Posto che le circostanze sono diverse e non si possono raffrontare le due sentenze, si può tuttavia spiegare da cosa nasca l’interpretazione che vede il reato non consumato quando c’è la trappola. Le sentenza che fanno giurisprudenza sul tema sono diverse di diverso tenore, ma ce n’è una che nasce da storia partita proprio da Varese. Un ricorso che era stato proposto in cassazione dall’avvocato Giuseppe Carignola, e che il legale aveva vinto il 7 giugno del 2007. Aveva ottenuto che il reato contestato al suo cliente, un funzionario erariale condannato, fosse solo tentata concussione e non concussione vera e propria.
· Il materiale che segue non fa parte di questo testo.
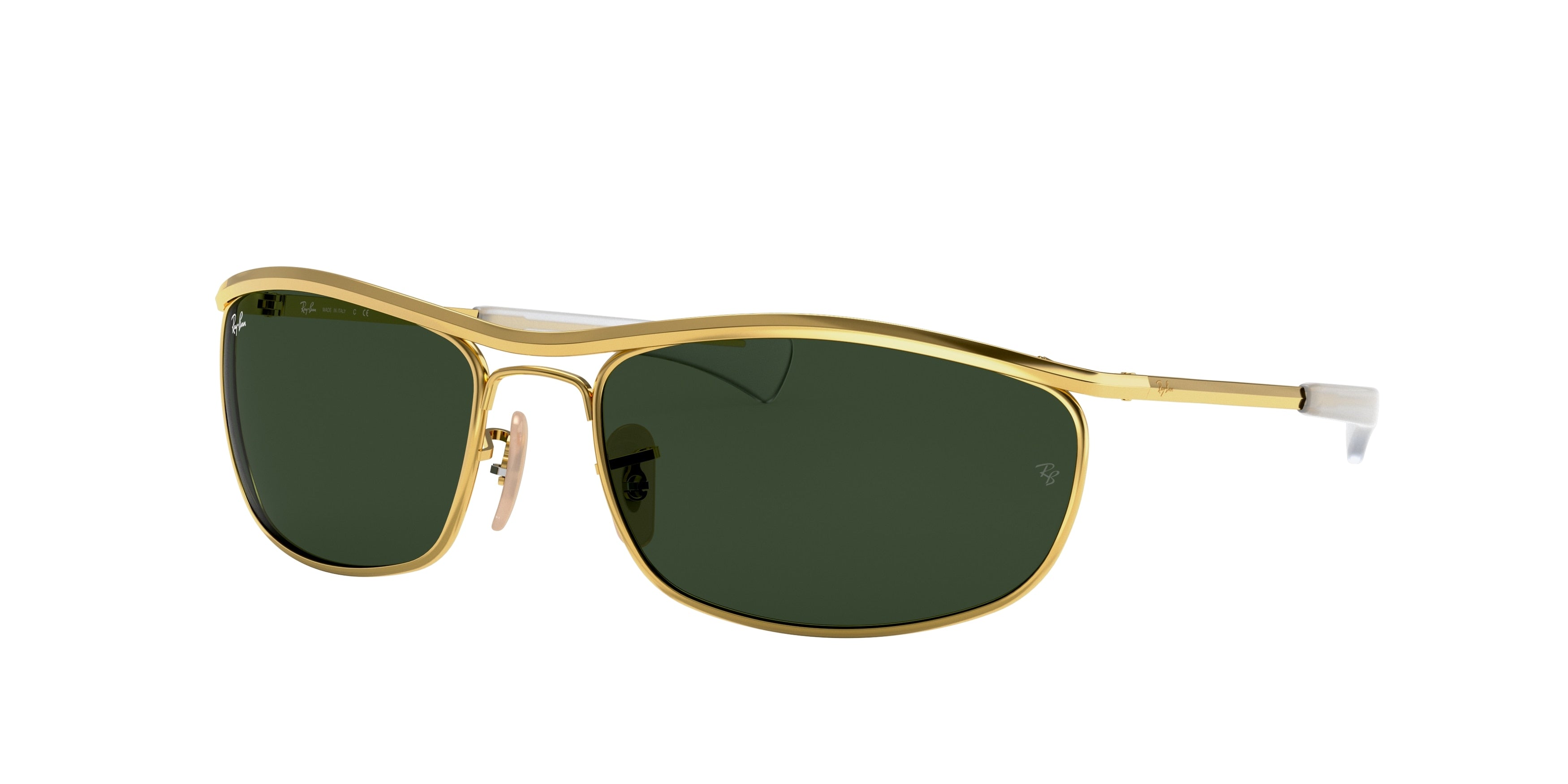 RAY-BAN 0RB3119M  luxury designer eyewear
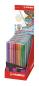 Preview: Stabilo fasermaler pen 68 1mm 6820-031-03 20 stück ass. colorparade - Stabilo-6820-031-03-4006381551274-03.jpg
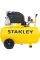 Компресор Stanley D211, 50 л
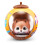 Pets Alive Running Squirrel Series 1 Interactive Animal 1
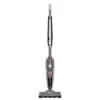 Bissell Featherweight Bagless Corded Standard Filter Stick/Hand Vacuum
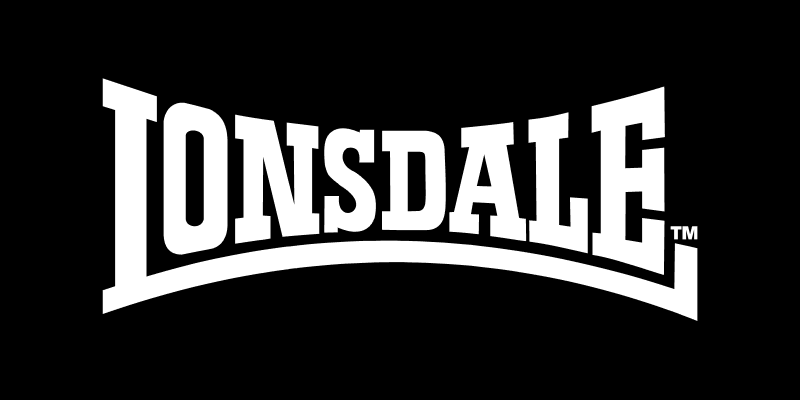 Lonsdale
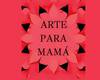 realizan-feria-arte-para-mama-en-villa-clara
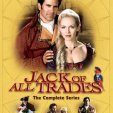 Jack of All Trades (2000)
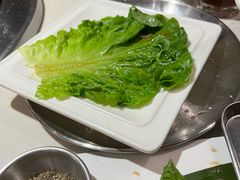 -么子烤肉(化龙池店)
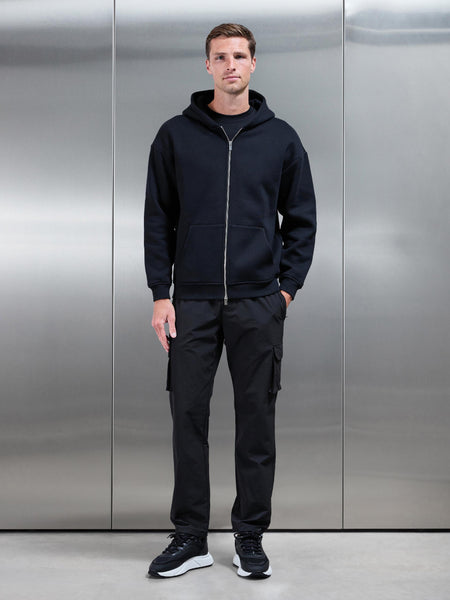 RELAXEDFITUTILITYCARGOPANTINBLACK-149613190516501_600x600.jpg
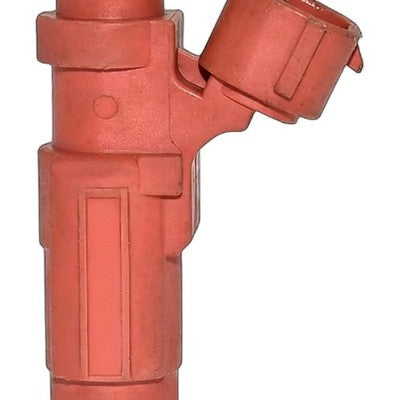 {{ Fuel Injector HDB305F Suitable for Mitsubishi Suzuki 2000-2010 MR578968 }} - Buy Car Parts Online at {{ Kaka Auto Parts }}.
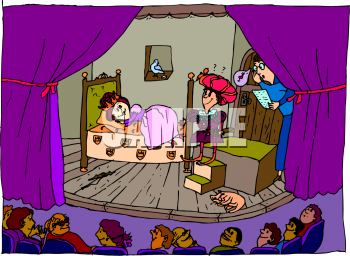 School Clipart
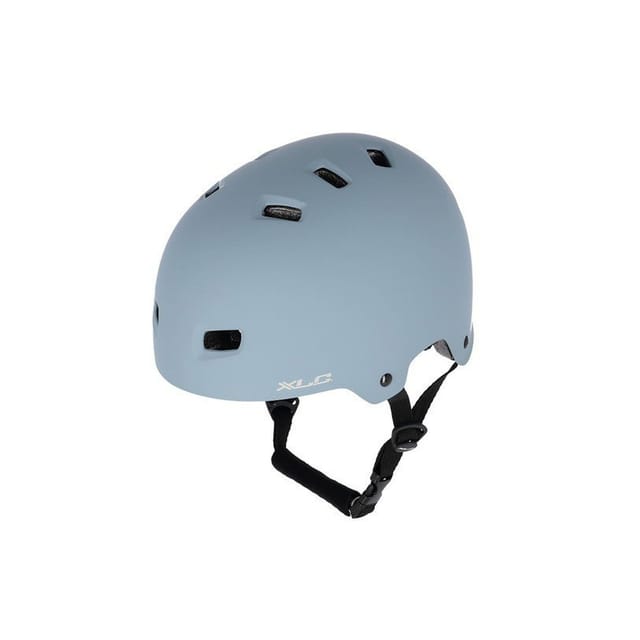 XLC Urban-Helm BH-C22, grau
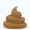 poop.gif.3294fe08016b645dcef6a33ade998baf.gif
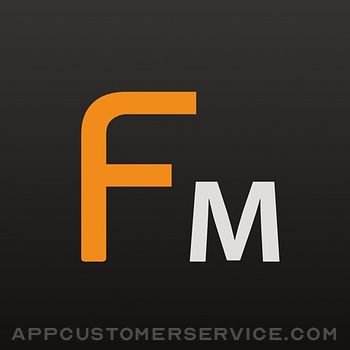 Simply Paste Flashcards M Pro Customer Service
In quel caso, era accaduto che una cooperativa aveva ricevuto un avviso di ingiunzione di pagamento entro il 30 novembre del 2002 (termine già scaduto al momento della ricezione dell’atto) di 16mila euro, per il ritardato versamento di ritenute di acconto per dipendenti, con il rischio di una multa da 32mila euro, se il pagamento non fosse avvenuto entro il termine assegnato. Il funzionario erariale, contattato da una dipendente della cooperativa per ottenere la correzione dell’errore e la rateizzazione di quanto dovuto, aveva però fatto una richiesta di soldi. L’amministratore della cooperativa aveva denunciato tutto e si era rivolto ai carabinieri della stazione di Luino. I militari lo avevano esortato a proseguire la trattativa, cioè i successivi contatti erano avvenuti su sollecitazione delle forze dell’ordine. Il funzionario aveva quindi ribadito la sua proposta “indecente”, aveva concordato un incontro con l’amministratore; in tale occasione era stato arrestato e trovato in possesso di banconote per 1000 euro, e un assegno di 6mila euro.
Nel ricorso, l’imputato contestava la sussistenza del delitto consumato, sostenendo che la riserva mentale e la collaborazione con la polizia giudiziaria caratterizzarono la condotta della vittima. In tale caso, avendo il soggetto passivo scelto di non cedere al sopruso del pubblico ufficiale infedele, l’iter criminoso non si sarebbe realizzato e sarebbe configurabile la figura del solo tentativo di concussione.
La corte di cassazione gli diede ragione, proponendo un distinguo. Se la vittima promette di pagare di sua spontanea volontà, e solo successivamente avvisa la polizia, in quel caso, il reato è concussione, poiché la promessa volontaria del soggetto configura già un reato consumato. Viceversa – scrivano i giudci in quel caso – se la promessa di assoggettarsi al ricatto viene dopo la predisposizione di un accordo con la polizia, per un piano diretto ad individuare il funzionario infedele, allora non matura il reato vero e proprio, ma si deve parlare solo di tentata concussione. Come dire, che se l’imprenditore sapeva che non era sotto ricatto ma era una trappola, non poteva subire le conseguenze di un comportamento illecito.
Ai profani sembrerà un po’ spaccare il capello il quattro, ma certe finezze, diciamo così, sono un po’ il motivo per cui esistono gli avvocati. per la cronaca, nel caso dei due funzionari condannati a Varese, il pm Agostino Abate sosteneva proprio che la promessa “libera” vi era stata, e forse farà ricorso in appello.